== Segment start ==

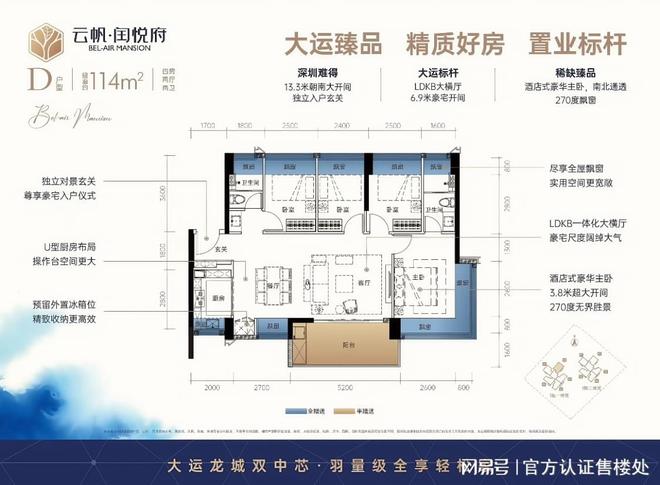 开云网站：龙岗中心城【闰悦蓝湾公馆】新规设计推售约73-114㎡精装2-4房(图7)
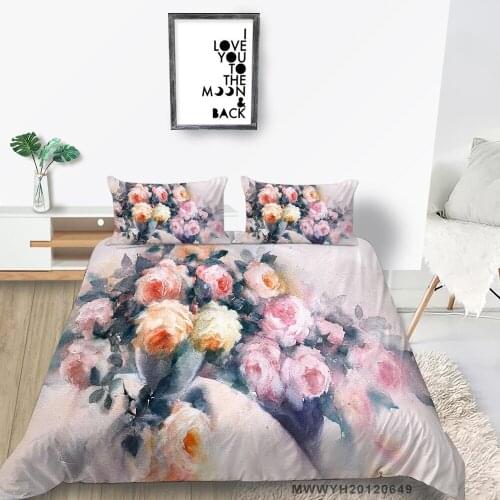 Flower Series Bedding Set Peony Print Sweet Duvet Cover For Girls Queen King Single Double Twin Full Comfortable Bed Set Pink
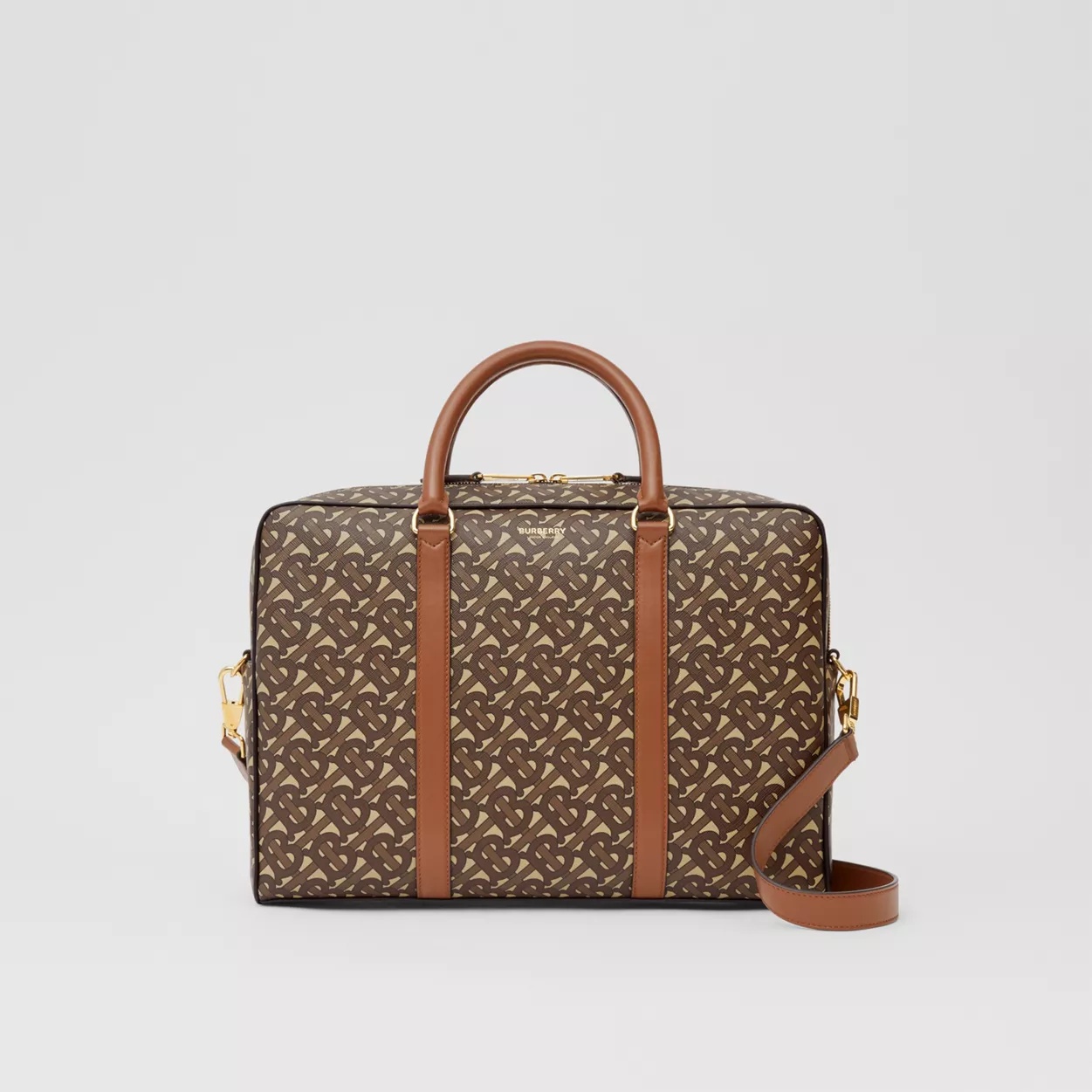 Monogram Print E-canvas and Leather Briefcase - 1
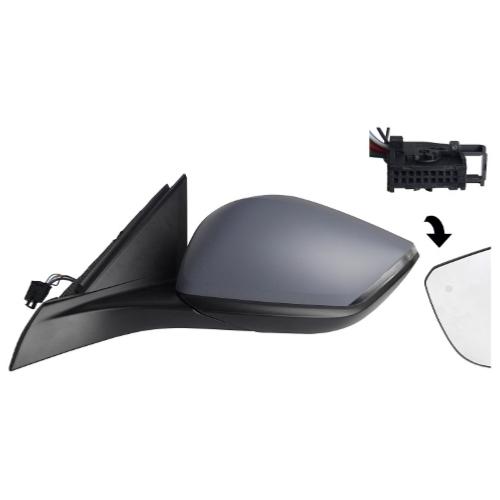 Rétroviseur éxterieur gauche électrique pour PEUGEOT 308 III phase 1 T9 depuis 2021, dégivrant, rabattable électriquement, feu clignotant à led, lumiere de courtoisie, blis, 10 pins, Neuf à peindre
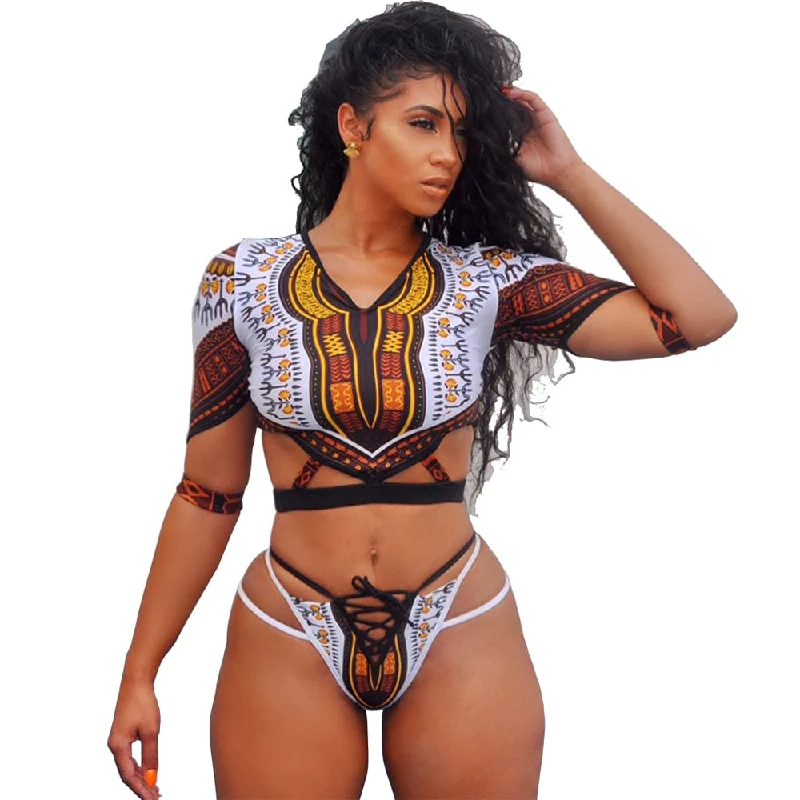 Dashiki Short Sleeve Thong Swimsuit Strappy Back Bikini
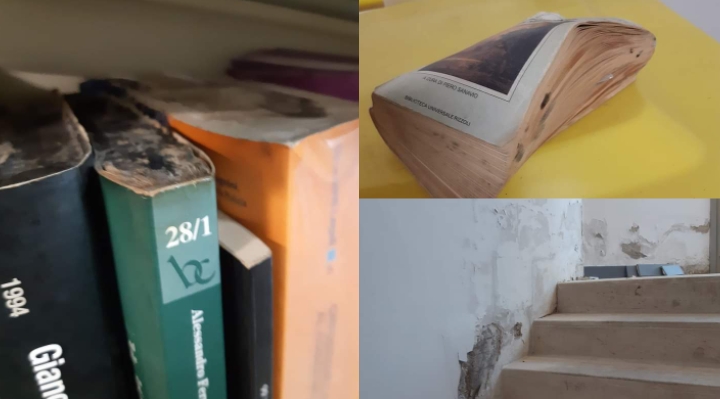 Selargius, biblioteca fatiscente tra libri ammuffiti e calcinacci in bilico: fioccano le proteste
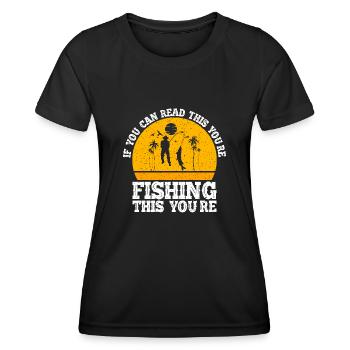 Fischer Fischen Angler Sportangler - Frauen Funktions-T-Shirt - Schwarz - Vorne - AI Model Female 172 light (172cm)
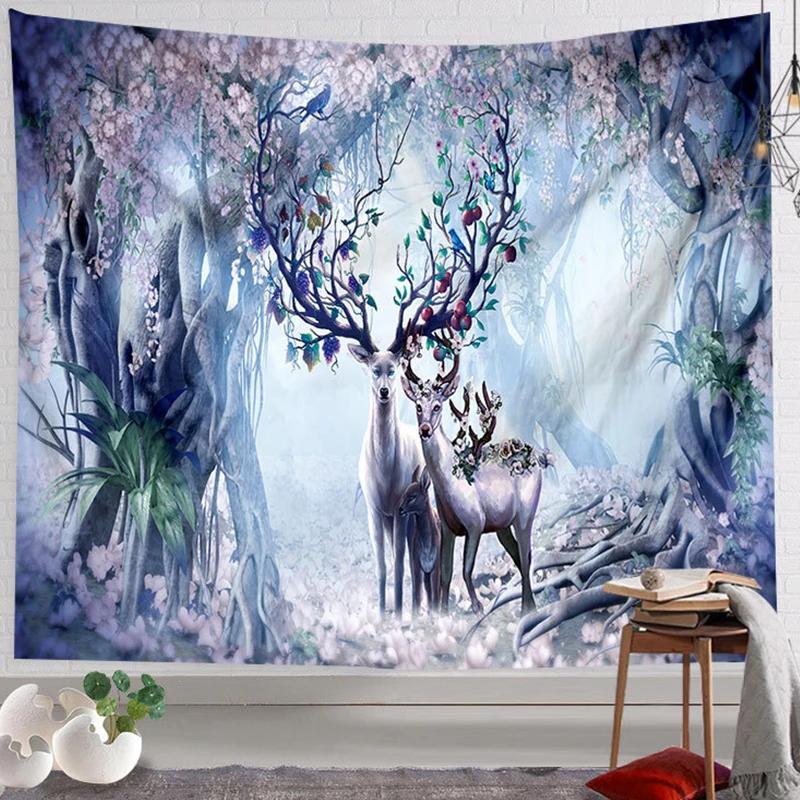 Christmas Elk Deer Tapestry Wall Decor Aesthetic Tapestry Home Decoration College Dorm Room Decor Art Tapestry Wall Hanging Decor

== Segment end ==

ASSIGNMENT |
Each entry is to be returned as it stands, and each picture is to be left out.

SOLUTION BELOW |
 开云网站：龙岗中心城【闰悦蓝湾公馆】新规设计推售约73-114㎡精装2-4房(图7)
 Flower Series Bedding Set Peony Print Sweet Duvet Cover For Girls Queen King Single Double Twin Full Comfortable Bed Set Pink
 Monogram Print E-canvas and Leather Briefcase - 1
 Rétroviseur éxterieur gauche électrique pour PEUGEOT 308 III phase 1 T9 depuis 2021, dégivrant, rabattable électriquement, feu clignotant à led, lumiere de courtoisie, blis, 10 pins, Neuf à peindre
 Dashiki Short Sleeve Thong Swimsuit Strappy Back Bikini
 Selargius, biblioteca fatiscente tra libri ammuffiti e calcinacci in bilico: fioccano le proteste
 Fischer Fischen Angler Sportangler - Frauen Funktions-T-Shirt - Schwarz - Vorne - AI Model Female 172 light (172cm)
 Christmas Elk Deer Tapestry Wall Decor Aesthetic Tapestry Home Decoration College Dorm Room Decor Art Tapestry Wall Hanging Decor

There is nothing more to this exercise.